そして、上記印刷物に紫外線を照射し、塗膜中の光重合開始剤から発生するラジカルによってモノマー分子とカイラル剤のアクリレートを3次元架橋してポリマー化させ、長方形領域中に透明な円盤状(ただし若干真中が厚い)のドットパターンを、図3の平面図に示すように、各ドットを正方格子点から所定の座標だけ偏移させて2次元配置させた透明シートを作製した。このときのパターンの膜厚は約4μmであり、ドットのサイズは円盤の直径が約100μmであった。また、ドットの間隔は平均約300μmであった。

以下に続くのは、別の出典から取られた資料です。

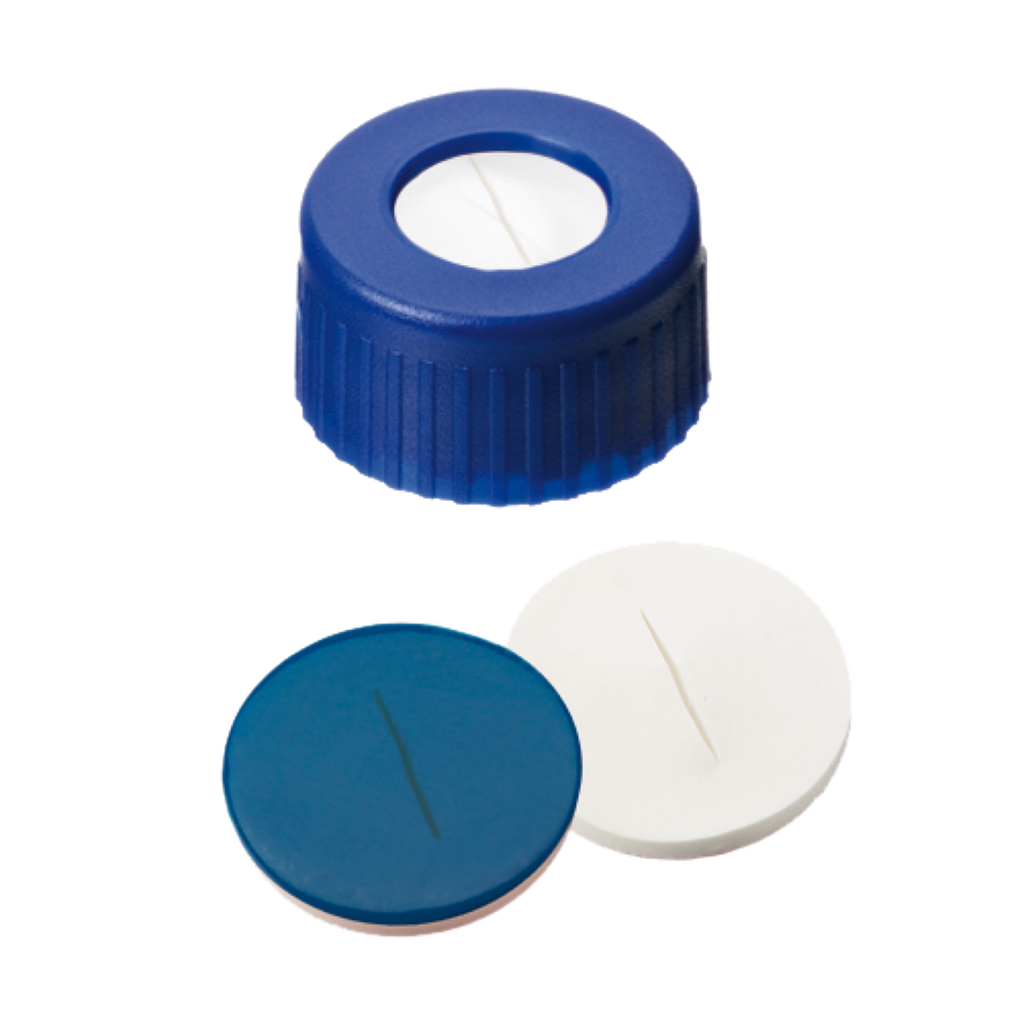 neochrom® Schraubkappe Kurzgewinde ND9, PP blau mit Loch, Silikon weiss/PTFE bla - Art. Nr. 70699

尚、印刷したドットパターンは、先ず印刷面の側から見た際に提供される座標情報の座標系(右手系/左手系)がディスプレイ装置の画像表示面を入力端末側から見た座標系(右手系/左手系)と同じになるように設計し、更にそれをそのまま鏡像にしたパターンとした。
(3)粘着層形成用塗工液の調製
粘着層形成用塗工液は、アクリル系樹脂の粘着剤(綜研化学製、SKダイン2094:固形分25.0%、溶媒は酢酸エチルとメチルエチルケトン)を200質量部に対して、架橋剤(綜研化学製、E−5XM)を0.5質量部、希釈溶剤(トルエン/メチルエチルケトン/シクロヘキサノン=6/6/1、質量比)を60質量部の割合で配合して調製した。
実施例1で作製した赤外線反射パターン透明シートのパターン印刷面に対し、上記(3)にて調製した粘着層形成用塗工液をテーブルコーターで塗布、乾燥させ、粘着層を形成した。粘着層の質量は約28g/m2であった。粘着層を一時保護する為に、粘着層面に対し離型シート(帝人デュポン製、ピューレックスA31、厚さ38μm)を貼りあわせ、粘着層付き赤外線反射パターン透明シートを作成した。

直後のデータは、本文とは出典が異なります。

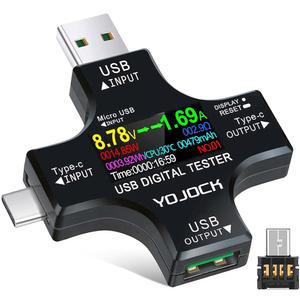 YOJOCK USB C 테스터 USB 파워 미터 2 in 1 디지털 멀티미터 3.6-32V 0-8.0A 전압 및 전류 테스터, 타입 C 전압계 배터리 용량 전압 전류계 전원 뱅크 USB 케이블 충전기 감지기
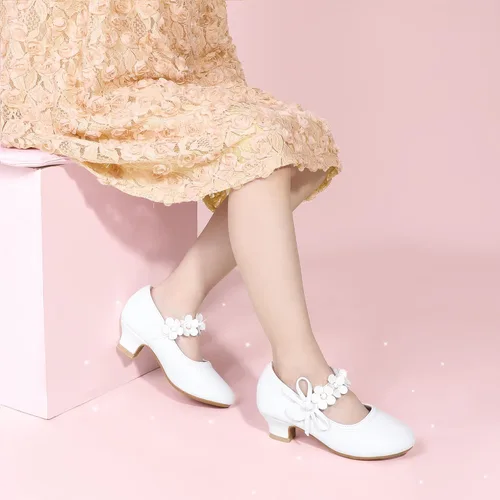 Vista 4 de PANDANINJIA Zapatos de vestir para niñas, zapatos de tacón Mary Jane con flores, fiesta de boda, regreso a la escuela, zapatos de tacón para niños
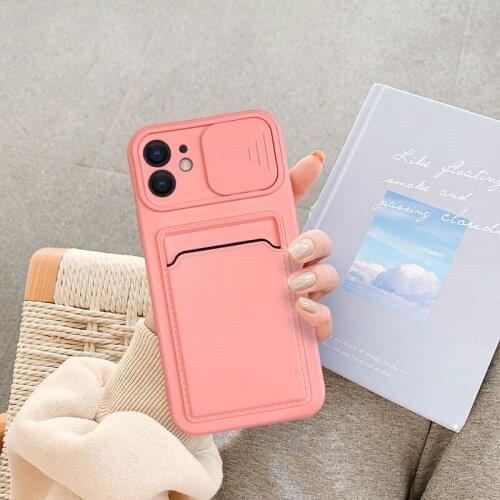 Slide Camera Lens Case For iPhone 12 12mini 12Pro 11 11Pro 11ProMax X XS XSMax SE2020 6 6S 7 8 Plus Card Candy Color Soft Cover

この粘着層付き透明シートを所定の大きさの矩形にカットした後、離型シートをはがし、液晶ディスプレイの画像表示面に貼り付けた。このときドットパターン印刷面(粘着層側)は液晶ディスプレイの画像表示面に対向している。この、ディスプレイ前面に貼付された赤外線反射パターン透明シートの表面(パターン印刷面の裏面)に対し、赤外線を照射してその反射光を画像として検知するペン型センサーで読み取ったところ、赤外線反射ドットによる反射パターンを検知することができた。また、この透明シートを、画像を表示中の液晶ディスプレイの前面に重ねたところ、モアレはほとんど見えなかった。

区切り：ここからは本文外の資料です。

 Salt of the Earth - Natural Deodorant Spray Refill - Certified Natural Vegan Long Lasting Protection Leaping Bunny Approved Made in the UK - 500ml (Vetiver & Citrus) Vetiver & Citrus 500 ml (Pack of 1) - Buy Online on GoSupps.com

このため、手軽に使用することができ、実用性能が高く、携帯電話、PDA等の各種携帯端末や、パーソナルコンピュータ、テレビ電話、相互通信機能を備えたテレビジョン、インターネット端末などの種々の情報処理装置に用いることができる。
2:透明基板
3:透明パターン
4:配向膜
5:ディスプレイ装置
6:入力端末(ペン型)
7:読取データ処理装置
8:コード
9:透明化層
i:赤外線
r:反射光
Claims (18)
- 透明基板の表面に赤外線反射性の規則性を有する透明パターンが印刷されてなる印刷面を有し、画像表示可能なディスプレイ装置の前面に該印刷面が対向して装着される透明シートであって、該透明パターンを構成するインキが赤外線を反射する材料を含み、該透明パターンは、赤外線の照射及び検知が可能な入力端末を用いて、印刷面の裏側から赤外線を照射し、赤外線の反射パターンを読み取ることで、透明シート上における入力端末の位置に関する情報を提供可能である赤外線反射パターン印刷透明シート。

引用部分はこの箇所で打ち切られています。